In the book The Unfought War of 1962: An Appraisal, by Raghav Sharan Sharma, he has mentioned that Lt General B.M. Kaul was a distant relation of Indian Prime Minister Jawaharlal Nehru. As a result, V.K.Krishna Menon who was the then Defence Minister and Jawaharlal Nehru's close aide, appointed Lt General B.M. Kaul as Chief of General Staff, against the recommendation of the outgoing Chief of Army Staff, General K.S.Thimayya and in spite of the fact that he was an Army Service Corps officer, with no prior combat experience and having never commanded a fighting unit earlier.
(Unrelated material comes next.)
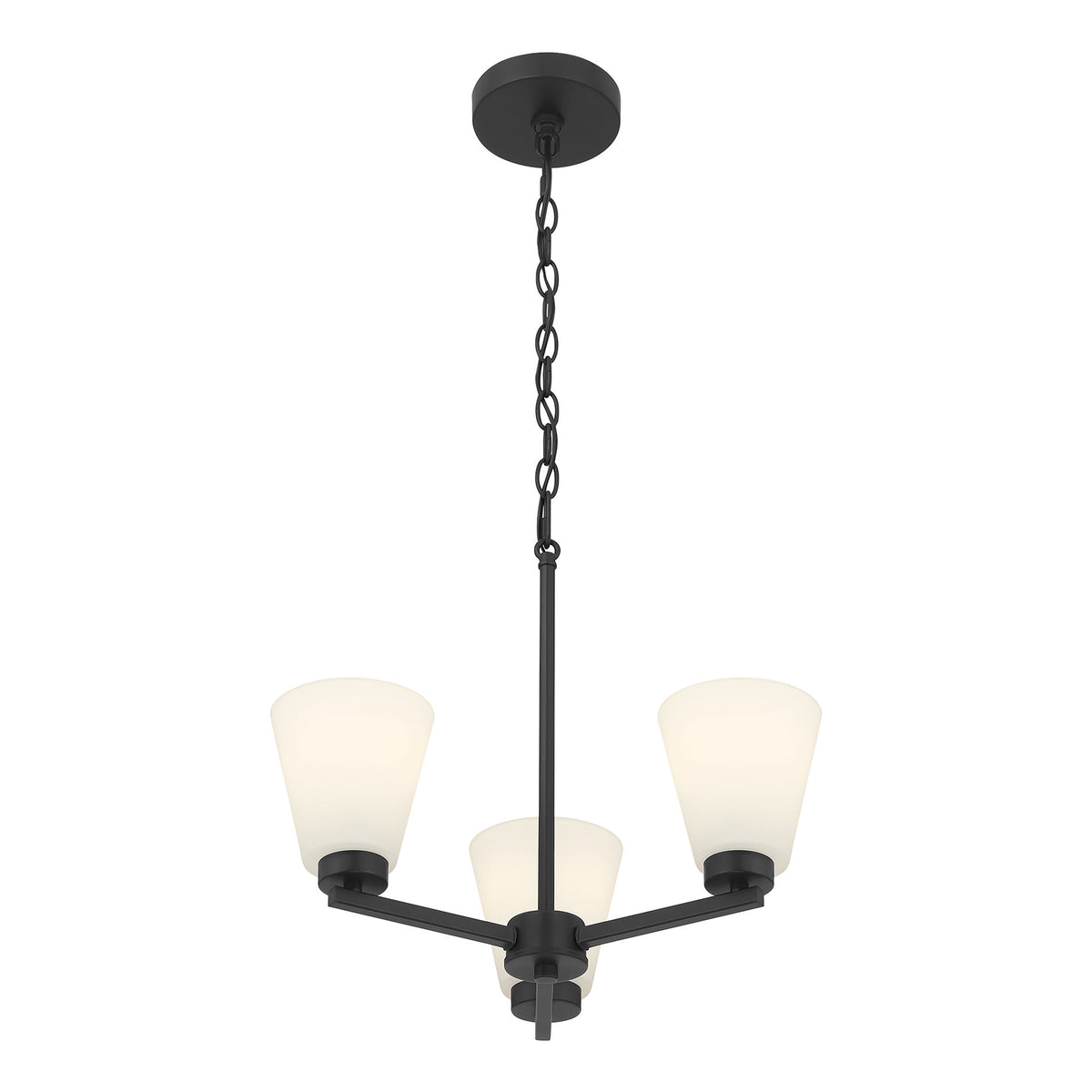 14.75'' Strayhan Matte Black 3 Light Chandelier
In the 1960s and 1970s the term, "Kaul Boys" (a parody of the term 'call girls'), in the army referred to officers or bureaucrats who unquestionably followed Kaul, the loose term incorporated many people, such as B.M. Bhattacharjee, Niranjan Prasad, A.S. Pathania, V.K. Krishna Menon, Brigadier Hoshiar Singh, L.P. Sen, Daulet Singh and B.N. Mullik- though some of these differ according to historians. Kaul's proximity to Nehru earned him lots of suspicion from many in the army, and many officers who did not agree with Kaul's policy's careers suffered; such as Sam Manekshaw, Umrao Singh, S.P.P. Thorat, Brigadier Gurbux Singh and J.P. Dalvi.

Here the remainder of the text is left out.